The difference between the two types of consumers is that while caffeine gives people a boost in their activities, bees will become lazy. They will struggle to find food and will hardly transmit the food’s location for other bees. Apart from that, caffeine makes them wrongly judge the quality of the food they find. In this way, the colony becomes less productive.
The reason why plants use caffeine is that its bitterness hinders animals from eating them. Others, on the other hand, seem to prefer caffeine, adding a little bitterness to their nectar.

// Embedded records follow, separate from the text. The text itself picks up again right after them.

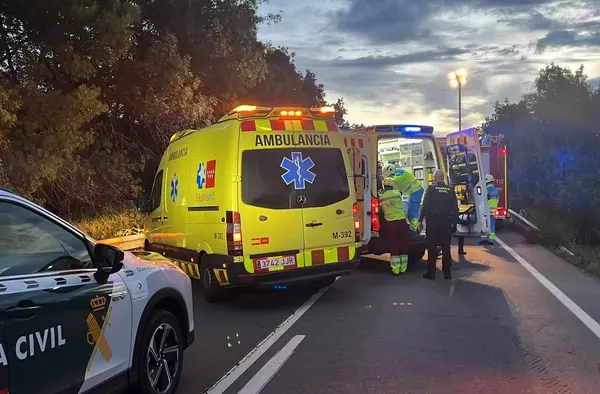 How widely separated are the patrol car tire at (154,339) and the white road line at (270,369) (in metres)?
0.55

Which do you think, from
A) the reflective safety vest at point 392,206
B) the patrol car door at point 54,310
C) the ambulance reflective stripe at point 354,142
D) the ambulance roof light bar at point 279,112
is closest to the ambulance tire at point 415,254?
the reflective safety vest at point 392,206

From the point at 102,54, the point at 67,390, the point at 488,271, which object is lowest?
the point at 488,271

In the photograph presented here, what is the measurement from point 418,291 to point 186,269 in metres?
3.37

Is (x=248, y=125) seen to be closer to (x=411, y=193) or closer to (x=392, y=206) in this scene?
(x=392, y=206)

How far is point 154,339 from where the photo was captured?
4570 mm

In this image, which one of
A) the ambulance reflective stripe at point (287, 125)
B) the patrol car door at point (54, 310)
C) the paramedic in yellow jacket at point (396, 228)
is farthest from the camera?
the paramedic in yellow jacket at point (396, 228)

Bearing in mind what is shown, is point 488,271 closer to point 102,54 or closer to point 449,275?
point 449,275

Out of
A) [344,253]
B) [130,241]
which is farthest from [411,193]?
[130,241]

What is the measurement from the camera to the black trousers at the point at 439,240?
33.7 feet

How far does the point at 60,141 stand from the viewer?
1277cm

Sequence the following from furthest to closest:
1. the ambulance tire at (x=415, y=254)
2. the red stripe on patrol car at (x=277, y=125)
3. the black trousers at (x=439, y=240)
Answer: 1. the ambulance tire at (x=415, y=254)
2. the black trousers at (x=439, y=240)
3. the red stripe on patrol car at (x=277, y=125)

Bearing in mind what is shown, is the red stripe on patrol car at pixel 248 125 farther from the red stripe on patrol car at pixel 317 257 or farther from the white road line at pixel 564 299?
Answer: the white road line at pixel 564 299

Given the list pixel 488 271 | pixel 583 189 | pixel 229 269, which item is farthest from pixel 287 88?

In 2013, Geraldine Wright tried to find a reason why bees add a small quantity of bitterness to a liquid that is supposed to entice pollinators and discovered that caffeine improves bees’ memory. While making the research, Wright gave bees big amounts of caffeine and was able to observe that a bee’s memory increased up to three times. More precisely, a bee was more capable of remembering the smell of a flower.
So, the strategy behind plants giving pollinators caffeine is that it helps them learn the connection between their different smell and the nectar they provide.
In order to discover if bees take benefits from caffeine consumption, Margaret Couvillon trained some several bees and was able to observe that bees would get used to the feeder that provides them with caffeine. Moreover, they would stick to that particular source, leaving others plants without pollinators.
Although caffeine improves their memory, it makes a bad difference between plants containing caffeine and plants that don’t contain this element, although they are able to provide the same quantity of energy.